A significant conclusion of this study was that “lower ADC is associated with tumor MGMT promoter methylation.” This is a finding of significant interest to radiologists and oncologists alike as it suggests that ADC measures can potentially function as both a prognostic and predictive imaging biomarker and thereby act as a surrogate for the reference standard pathologic determination of MGMT methylation status. The authors arrived at this conclusion based on a pixel-by-pixel ADC histogram analysis with bi-modal curve fitting of enhancing tumor in 89 patients with GBM with pathologically confirmed methylation status.
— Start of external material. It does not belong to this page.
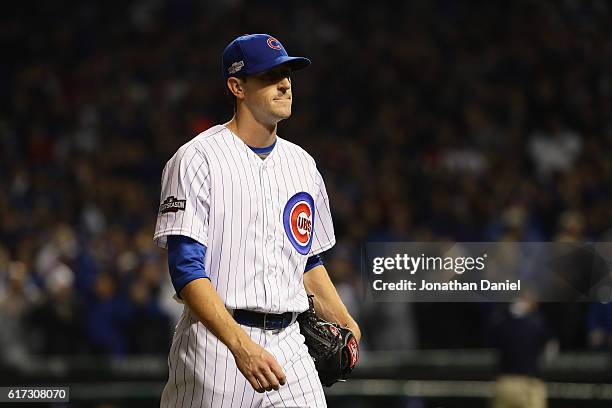 Kyle Hendricks of the Chicago Cubs walks back to the dugout after being relieved in the eighth inning during game six of the National League...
This analysis showed a mean ADC of 1071 × 10−6mm2/s for 36 methylated tumors versus 1183 × 10−6mm2/s for 53 unmethylated tumors, with a P value of .01 between the groups.

To assess the applicability of these findings to our own patients, we retrospectively performed blinded quantitative ADC measurements in 105 treatment naïve, preoperative patients with GBM with pathologically confirmed MGMT promoter methylation status determined through real-time methylation specific polymerase chain reaction. Our goal was to build on the work of Pope et al2 by using an ADC quantification technique readily available from a popular vendor and applicable to daily clinical practice. We performed region of interest analysis by using an off-line commercially available workstation (Advantage; GE Healthcare, Milwaukee, Wisconsin) and software (FuncTools 9.04b; GE Healthcare) to calculate quantititative ADC metrics. We drew ROIs around the contrast enhancing tumor and derived ADCmean, ADCmin, and ADCmax values. In addition, by using a validated and commonly used standardized technique,3,4 we manually placed 4 small circular ROIs (30–50 mm2) in the enhancing tumor to select the region of maximal ADC hypointensity and recorded this minimum value as ADCregion of interest. We also obtained ADCratios by dividing ADCregion of interest by ADCnormal with a region of interest placed in normal contralateral brain. Results after Wilcoxon rank-sum tests are summarized in the Table.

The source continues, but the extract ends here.